Patient Safety Tip of the Week

December 11, 2012        Breastfeeding Mixup Again



Many were shocked at the news of an incident last week in Minnesota in which a newborn was breastfed by a woman on the maternity unit who was not his mother (AP 2012). But in reality what’s amazing is that we don’t hear about many more similar incidents. Our November 17, 2009 Patient Safety Tip of the Week “Switched Babies” had an extensive discussion of the risk factors and contributory factors to incidents of both switched babies and breastmilk mixups. If you do a FMEA (failure mode and effects analysis) in your own organization we suspect that you will find numerous potential vulnerabilities to either error.
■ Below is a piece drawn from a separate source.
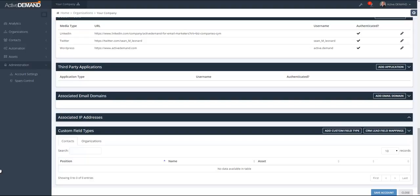This video is going to cover the basics of custom fields in ActiveDemand. When you first start off with your ActiveDemand account, organizations and contacts already have a predefined set of data elements that describe the contact or the organization. The set is quite minimal, as we do not want to impose a metadata model on your specific contacts or organizations.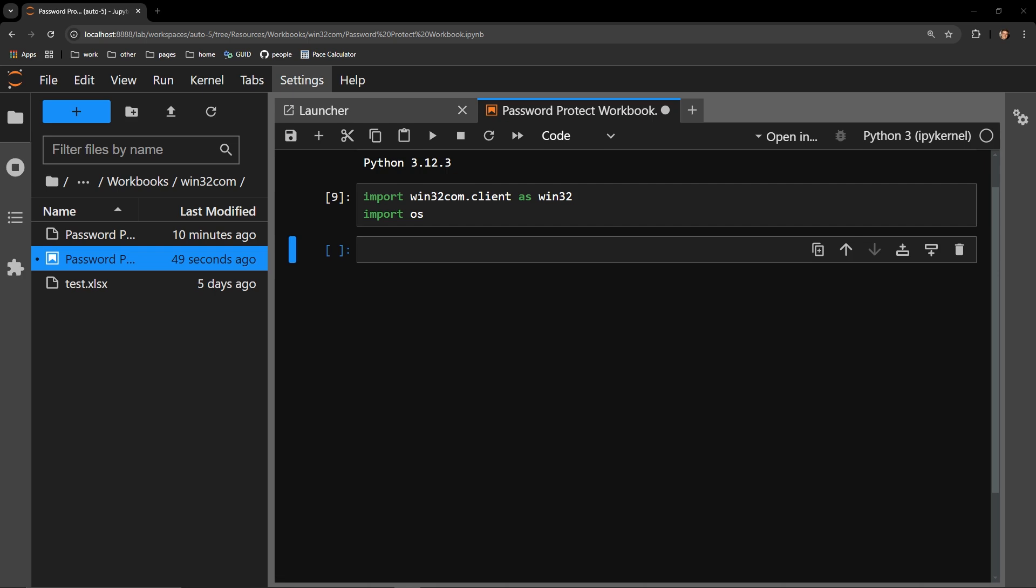This method of adding a password for an Excel document will not work on an Apple machine as this library is Windows specific.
In the Minnesota case the wrong infant was given to another new mother to breastfeed. That mother initially sensed this might not be her own newborn but her husband apparently reassured her she was just tired so she proceeded to breastfeed (Lerner 2012). Several minutes later she noted the ID tag on the infant was not the name of her own newborn infant. They immediately contacted nurses, who confirmed this was not her baby. In addition to causing anxiety and stress for both families and staff, the newborn who received the wrong breastmilk will need to undergo HIV testing over the next year, adding to the stress even though the ultimate risk of HIV transmission in this case is probably quite low.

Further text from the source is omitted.